The ECJ verdict is that the ISDS/ICS of CETA is not illegal under EU law, as long as the EU maintains existing levels of protection of the public interest.
Because of the ICS of CETA, there is a legal requirement under EU and member state law for each EU member state government to vote on CETA in their national parliaments. As the ICS (ISDS) of CETA could result in the Irish state being charged or fined, the Constitution requires the Dáil to approve it under Article 29.5.2, prior to its adoption. ‘Arbitrators’ adjudicating on investor claims are under no legal obligation to take Irish, EU or international law and regulations into account.
However, the ECJ says that ISDS/ICS is illegal in Intra-EU trade deals.
Some EU member states made ‘ISDS-like’ trade and investment agreements with each other prior to one or both of them joining the EU.
An investor from a member state with no previous ISDS trade and investment agreement would have less rights operating there.
Other organisations and reviews say that ISDS/ICS is immoral and that it may be illegal.

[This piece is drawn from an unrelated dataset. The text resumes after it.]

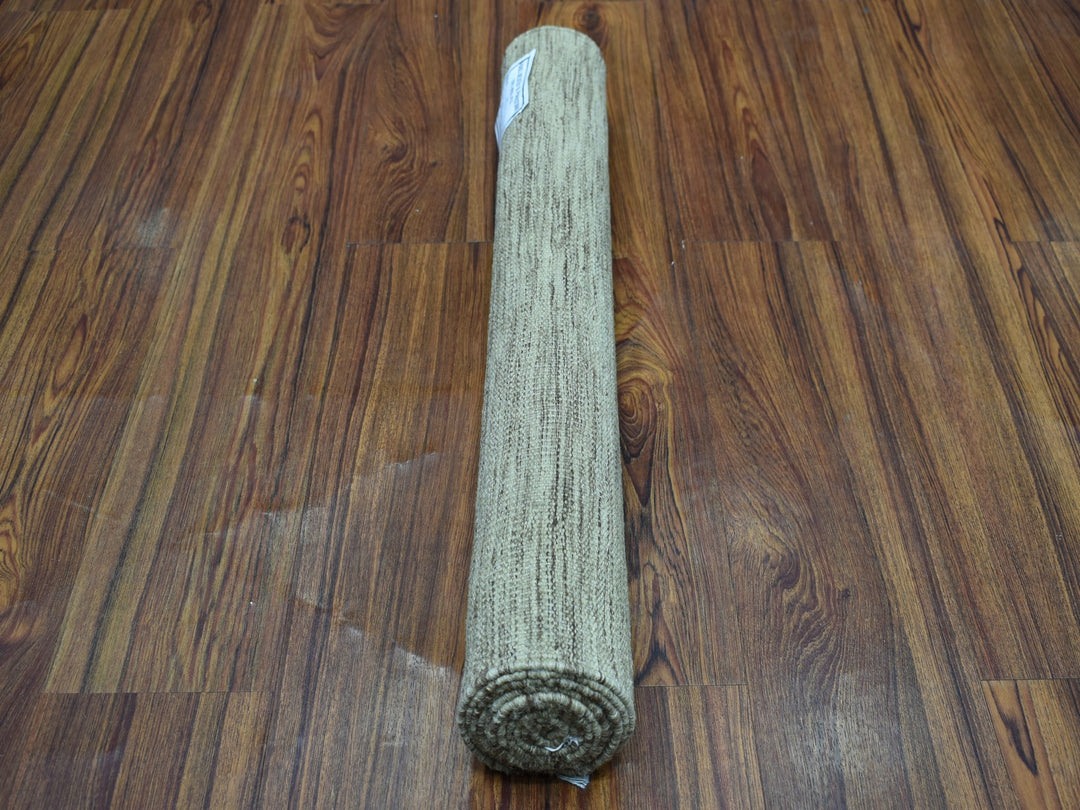 2'4" x 6'4" New Hand Woven Grey Wool Runner Oriental Rug - MOA10253856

The organisation ClientEarth says ISDS “may not be compatible with EU law”. They say many of the
matters they considered important were not looked at by the European Court of Justice (ECJ). Their report mentions that an ISDS/ICS system would enable foreign investors to sideline the EU courts and resort to claims that are not available to domestic investors. The German Law Journal writes that The EU-national investor will never receive in a ruling from a judge in the EU, all their ‘lost’ future unearned profit. A Canadian investor could be awarded all their unearned ‘lost’ future profits by an arbitrator at the investment court of the CETA.